Welcome to our newest #holdersnotfolders challenge. A couple weeks ago, Meg & I announced that we were bringing back our Holders Not Folders challenges! So many of you participated in our Summer 2014 series, and we had a blast cultivating a creative Instagram community with you all.
For this quick, six week series, we want to focus on teaching you something new (or reminding you of something you already know) to integrate into your phone photography. Each week we will announce the new challenge, share a quick tutorial and/ or tips, and then encourage you to practice that skill in your instagrams! Make sure you hashtag #holdersnotfolders and interact with the others participating!
Are you in? We want to encourage you that you can create fun and inspiring photos with your phone and have a beautiful instagram that reflects YOU! Join the challenge and get creative.
We’ve talked about a lot the last couple week’s – composition, cropping
, and engaging a community
but today we are talking about perspective. Your Instagram is essentially a big story book of your life. It is the pictures you snap on vacations, play dates, grocery store trips, graduations, celebrations, and all the little and big things that make up a life. You are sharing your story.

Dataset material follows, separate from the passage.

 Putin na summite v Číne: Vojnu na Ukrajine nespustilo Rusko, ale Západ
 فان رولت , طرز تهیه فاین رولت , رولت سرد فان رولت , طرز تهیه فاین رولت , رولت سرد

They say a picture is worth a thousand words – and wouldn’t you agree? We can all look at one photo of a couple we have never met or seen before and let our imaginations run wild with their love story. We can look at a picture of our wedding day or the day our child was born and recall all the little details. We can see a picture from high school summer camp and remember the way the mountains smelled, the song you couldn’t stop singing, and the boy that made your tummy turn to butterflies.
Perspective plays a large role in the story you tell. It adds depth, provides a new way of seeing things, catches little details, and brings life into your photo. There are four main perspectives – Up, Down, Straight On, and To The Side.
This is a perspective I tend to shoot in when I am trying to catch a sky full of fluffy clouds
or a sunset but you don’t just need to reserve it for those moments. Maybe you want to get up close with your object and look up or skim over the crowded Disney streets just to catch the details in the buildings. Tilting your camera up (at a variety of angles) can capture a intriguing moment. Each of these three photos, I cropped out crowded and cluttered streets of people by choosing to go above all of their heads. What do you see if you look up?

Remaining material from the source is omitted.